Pourtant, les groupes Facebook et les forums qui continuent de hurler au grand complot et appâtent les parents et les jeunes filles indécis, en leur expliquant qu'on va leur injecter de la mort au rat, continuent à pulluler. Et c'est à se taper la tête contre les murs.

Quant à la ferveur des anti-vaccins sur les vaccinations pédiatriques, c'est probablement la plus rageante puisqu'elle n'est pas circonscrite à quelques forums ou groupe de paroles, mais est suivie d'effets.

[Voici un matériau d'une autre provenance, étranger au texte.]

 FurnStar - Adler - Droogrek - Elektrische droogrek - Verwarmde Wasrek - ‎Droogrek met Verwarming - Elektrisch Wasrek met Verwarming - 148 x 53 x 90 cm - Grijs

On assiste à une baisse de la vaccination des nouveau-nés, d'où découlent directement la résurgence de foyers épidémiques, la chute du taux de couverture vaccinale et la surmédiatisation de parents se sentant investis d'une mission et prenant les atours d'une Erin Brokovitch en lutte contre le système.

La réponse des pouvoirs à la confirmation apportée par cette étude de généralisation de la défiance vis-vis des vaccinations devra être proportionnée. Et c'est plutôt mal barré.

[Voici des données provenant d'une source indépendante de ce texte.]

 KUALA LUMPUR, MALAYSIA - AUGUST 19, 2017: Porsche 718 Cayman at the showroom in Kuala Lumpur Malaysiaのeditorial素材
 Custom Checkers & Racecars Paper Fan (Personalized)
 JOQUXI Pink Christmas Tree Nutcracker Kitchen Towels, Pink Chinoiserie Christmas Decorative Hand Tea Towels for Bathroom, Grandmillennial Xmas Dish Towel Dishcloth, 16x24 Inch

En janvier 2016, le ministère de la Santé a lancé une consultation citoyenne sur internet dans le cadre du Plan d’action pour la rénovation de la politique vaccinale sur le caractère obligatoire de trois vaccinations (diphtérie, tétanos, poliomyélite). Une initiative qui a tout de la grossière erreur et de l'aveu d'échec.

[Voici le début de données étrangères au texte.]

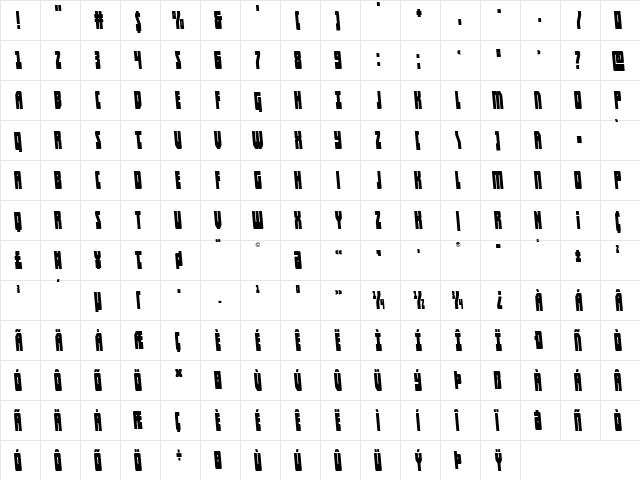 Elastic Lad Semi-Leftalic Regular  glyph index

La politique vaccinale doit être présentée au public comme le fruit d'études scientifiques inébranlables

Quoi de mieux pour entériner un sentiment de défiance que de donner l'impression à la population –et surtout aux anti-vaccins– qu'après tout, le caractère obligatoire des vaccinations, c'était pas une si bonne idée? Cela ne peut qu'instiller l'idée que les pouvoirs publics et les autorités sanitaires sont eux-mêmes hésitants. Alors même que la politique vaccinale, en tant qu'outil essentiel de la protection collective doit au contraire être présentée au public comme le fruit d'études scientifiques inébranlables et justifiée purement et simplement par l'éradication de maladies et les évolutions spectaculaires de la santé infantile.

Cette proposition équivaut plus ou moins à céder au caprice d'un enfant et à lui laisser entendre qu'après tout qu'il suffit de s'époumoner et de casser des trucs pour obtenir gain de cause. D'aucuns estimeront ici que l'analogie a quelque chose d'infantilisant et de dogmatique. Peut-être, en effet. Mais on sait déjà que la patience et la neutralité bienveillante avec laquelle on a traité les anti-vaccins et plus largement les anti-science jusqu'à maintenant n'a que peu porté ses fruits. Céder aux anti-vaccins, même un petit peu, c'est entrouvrir une porte par laquelle s'engouffreront les complotistes de tout poil. Peut-être, sur cette question, est-il temps de commencer à adopter la posture du pater (mater) familias fatigué de toutes ces conneries. Un vaccin, et au lit.